Thursday, March 10, 2005

tales of academia: mad-lib peer review

Speaking of old jokes, remember the one where two women are leaving a restaurant and one complains, "The food was awful!" "I know," says the other, "and such small portions too." In the unfunny academic version of this joke, two collaborators are talking about peer review. "It's bad enough that the journal rejected our paper," says one, "but I can't believe how unhelpful the reviews were." "I know," says the other, "and the journal took so long to get back to us, too." Ha.

The joke has an even less hilarious rendition where the collaborators are promising graduate students whose career prospects are compromised when a journal takes a year to reject their paper with a series of utterly unhelpful, unengaged reviews. Double ha.
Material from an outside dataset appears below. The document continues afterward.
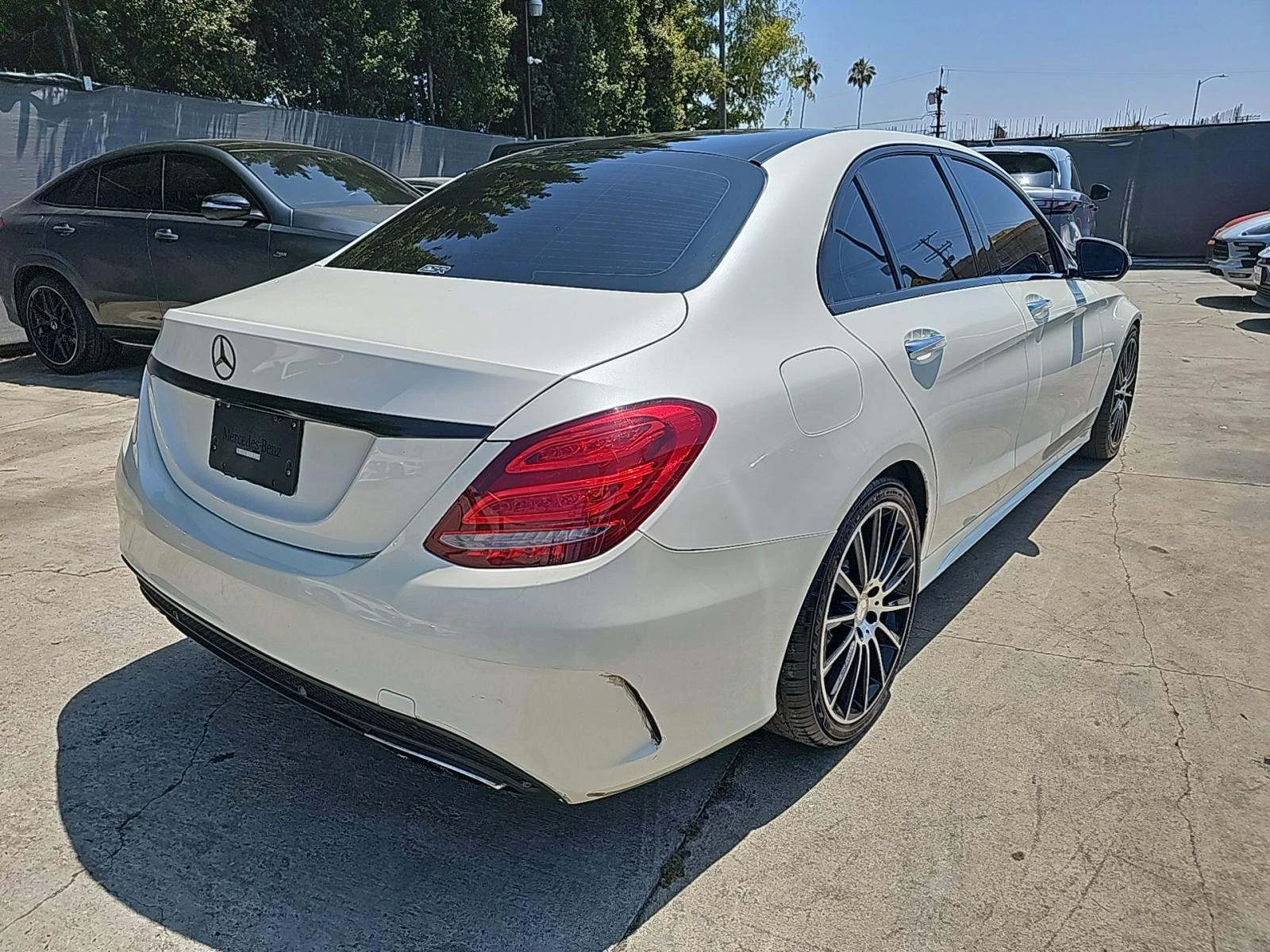 Mercedes-Benz C 450 AMG AMG* CARBON* PANO* HEADUP* BURMASTER* AMBIENT* KEY - изображение 4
It's common to blame journal editors for the long turn-around time of submitted articles. While editors surely account for some of the variance, editors are ultimately beholden to the people they ask to review articles. Editors can pester reviewers, but pestering can only go so far.
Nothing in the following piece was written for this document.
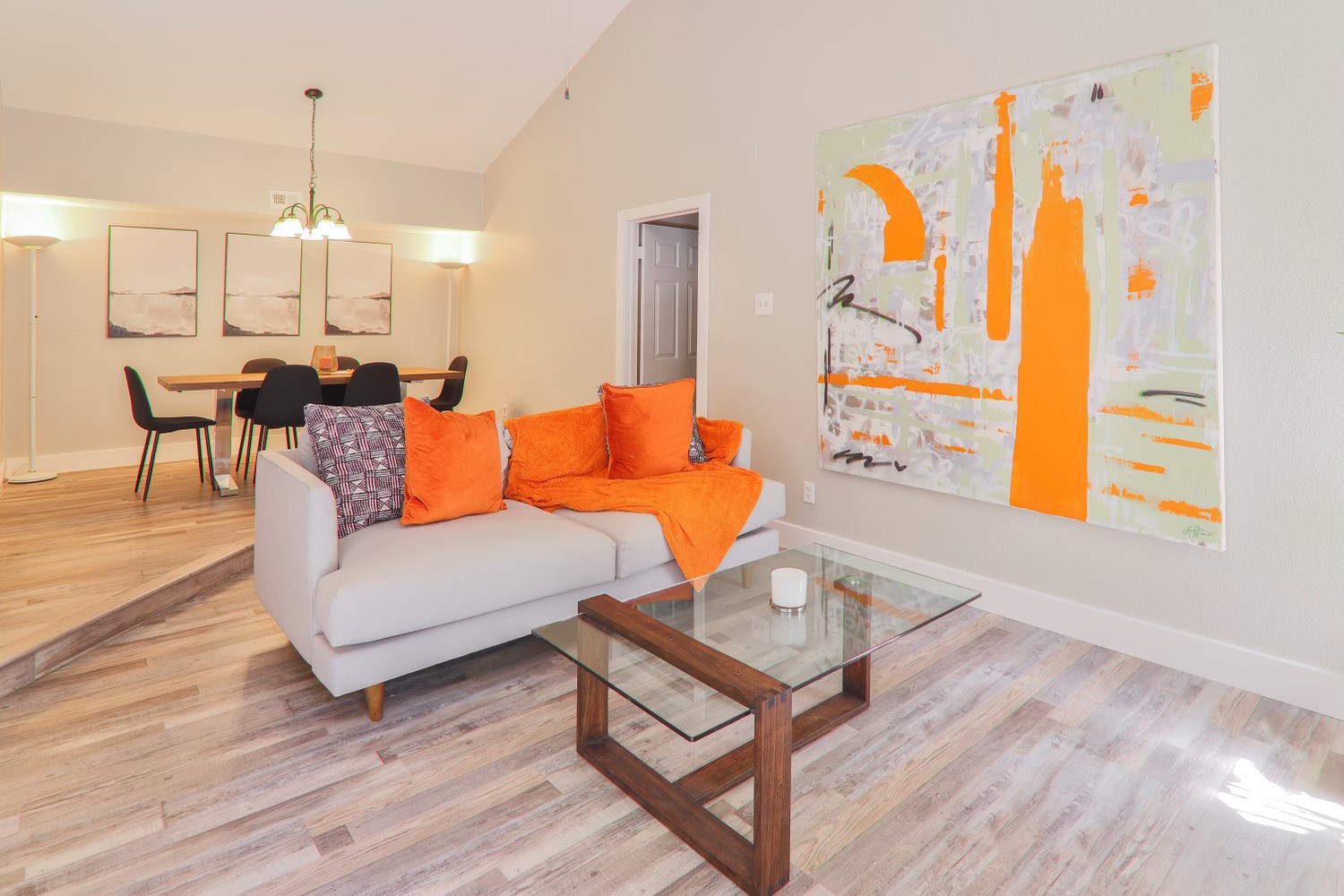 2616 Encina 4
"Your review is months overdue. You need to do it NOW!"
"Sorry, too busy. Maybe I'll be able to get to it in a couple weeks."
"No maybes! If you can't do it now, we'll send it to somebody else."
"Um, okay. Send it to someone else, I guess."
"I'm not kidding! Not only will I send it someone else, but I won't send you any other articles to review. Ever!"
"Um, okay."

The stereotyped academic complaint about the content of peer reviews is that the reviewers misread or misunderstand an authors' work. Obviously, this happens, although it's often a complaint that I have only a limited sympathy for. The author of a paper should assume that a conscientious reader is still not going to give a paper the same kind of attention that they gave while writing it, and so authors have an obligation to endeavor mightily to make sure they are not misunderstood.
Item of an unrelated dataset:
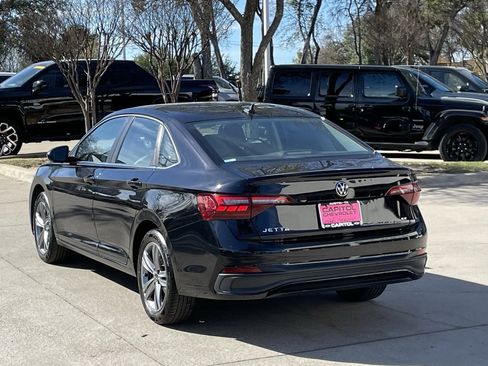 Used 2024 Volkswagen Jetta SE image 4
The more frustrating thing, in my opinion, is the extent to which many refuse fail to really evince any kind of reading of the paper at all. I'm not claiming that the reviewer didn't read the paper, necessarily, only that the review is sufficiently vague that it doesn't demonstrate that they did.

The apotheosis of the vague review is perhaps what one might call The Mad-Lib Review. A Mad-Lib Review is a review that seems like you could just take out a few key words and phrases and use it again for another paper.

A prime example of a Mad-Lib Review came into my possession recently. At the top, the review had the title of the manuscript, only it was entirely the wrong title, suggesting that perhaps at least the basic template for the review had been used before. Anyway, it would normally be bad form to quote from somebody else's review. However, in this case, it is sufficiently easy to remove all intellectual and possible idenitfying content of the review that I think it can be presented in its Mad-Lib form without breaching anything. Here, in its entirety:

This paper seeks to unpack the nature of TOPIC in DOMAIN. The issue is of interest to SUBFIELD #1 and SUBFIELD #2. Much as I found the research question to be both topical and important, I had concerns about your motivation, theory, and evidence and outline them below in the hope that they help you to develop a more compelling contribution.

Motivation: It would have helped me if you explicitly developed a motivation for your study. What are the theoretical and empirical gaps in the literature? How does your research design propose to address these gaps.

Theory: Your paper seems to provide an illustration of TOPIC without developing a theory of TOPIC. How does HUGE-VAGUE-THING influence the form, intensity, and manifestation of TOPIC. Absent a theory or developed framework, it was difficult for me to discern your contribution.

Evidence: You need to outline better what your data collection strategy was, who your informants were, and to provide a "thick description" of TOPIC. Without such a thick description, your paper reads more like an illustration of what we already know.

4 comments:

Anonymous said...

Thanks for the tips! I've bookmarked your page for future reference. Anon Reviewer.

Anonymous said...

Thanks for the tips! I've bookmarked your post for future reference. Anon Reviewer.

Anonymous said...

some journals in some fields (e.g., math, i believe) offer reviewers an honorarium. perhaps that would elevate the quality of what -- too often -- passes for peer review.

Legal Alien said...

I have received a couple of rejection letters that convinced me that the reviewers had not read my article at all. A journal that shall not be named claimed that becuase they are the leading journal in the field they needed something more original and groundbreaking, but were sure that journals X, Y and Z would publish the article. And they were right!